Pull out every line in the data that has the string "Furniture" in it.

(Material to process)

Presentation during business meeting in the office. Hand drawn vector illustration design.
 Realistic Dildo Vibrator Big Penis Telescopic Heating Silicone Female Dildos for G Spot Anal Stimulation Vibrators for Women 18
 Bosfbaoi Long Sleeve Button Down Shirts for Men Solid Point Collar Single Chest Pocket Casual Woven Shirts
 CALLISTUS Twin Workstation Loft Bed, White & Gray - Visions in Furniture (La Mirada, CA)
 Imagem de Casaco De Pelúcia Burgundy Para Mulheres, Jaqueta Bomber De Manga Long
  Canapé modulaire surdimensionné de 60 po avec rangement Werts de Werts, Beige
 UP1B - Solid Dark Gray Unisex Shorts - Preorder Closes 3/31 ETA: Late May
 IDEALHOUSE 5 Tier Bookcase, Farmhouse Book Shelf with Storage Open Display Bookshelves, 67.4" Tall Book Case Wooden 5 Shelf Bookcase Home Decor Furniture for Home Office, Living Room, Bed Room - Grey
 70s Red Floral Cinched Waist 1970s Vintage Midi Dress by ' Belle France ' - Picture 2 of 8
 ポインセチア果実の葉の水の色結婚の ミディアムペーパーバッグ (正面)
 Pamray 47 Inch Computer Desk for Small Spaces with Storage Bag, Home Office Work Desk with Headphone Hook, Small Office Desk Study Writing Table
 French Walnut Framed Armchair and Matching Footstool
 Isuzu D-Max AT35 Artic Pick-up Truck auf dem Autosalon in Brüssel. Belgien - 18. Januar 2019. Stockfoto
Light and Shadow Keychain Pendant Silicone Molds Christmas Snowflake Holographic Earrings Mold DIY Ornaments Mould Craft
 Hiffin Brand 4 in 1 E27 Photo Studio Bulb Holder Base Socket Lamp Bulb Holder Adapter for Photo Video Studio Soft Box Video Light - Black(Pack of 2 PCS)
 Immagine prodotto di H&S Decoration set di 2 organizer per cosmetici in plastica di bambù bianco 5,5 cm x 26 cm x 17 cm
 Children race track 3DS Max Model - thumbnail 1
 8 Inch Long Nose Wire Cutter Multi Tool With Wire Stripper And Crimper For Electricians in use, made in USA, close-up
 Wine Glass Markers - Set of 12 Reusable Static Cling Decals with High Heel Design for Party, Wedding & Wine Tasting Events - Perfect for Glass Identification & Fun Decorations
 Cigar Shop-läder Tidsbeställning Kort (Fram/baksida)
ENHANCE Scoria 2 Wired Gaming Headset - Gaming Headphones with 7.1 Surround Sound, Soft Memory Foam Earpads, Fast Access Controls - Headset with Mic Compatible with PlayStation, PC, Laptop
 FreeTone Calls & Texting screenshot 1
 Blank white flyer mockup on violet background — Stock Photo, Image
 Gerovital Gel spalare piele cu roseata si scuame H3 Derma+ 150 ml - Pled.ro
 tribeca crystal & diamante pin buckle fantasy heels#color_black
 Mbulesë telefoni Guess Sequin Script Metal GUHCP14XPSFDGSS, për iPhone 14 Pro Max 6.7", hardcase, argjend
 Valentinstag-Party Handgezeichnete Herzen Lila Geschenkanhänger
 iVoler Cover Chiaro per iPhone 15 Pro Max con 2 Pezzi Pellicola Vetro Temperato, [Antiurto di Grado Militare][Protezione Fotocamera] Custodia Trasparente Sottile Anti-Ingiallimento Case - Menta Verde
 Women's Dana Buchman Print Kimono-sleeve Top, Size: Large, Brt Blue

(End Material to process)

**Solution to this task**
 CALLISTUS Twin Workstation Loft Bed, White & Gray - Visions in Furniture (La Mirada, CA)
 IDEALHOUSE 5 Tier Bookcase, Farmhouse Book Shelf with Storage Open Display Bookshelves, 67.4" Tall Book Case Wooden 5 Shelf Bookcase Home Decor Furniture for Home Office, Living Room, Bed Room - Grey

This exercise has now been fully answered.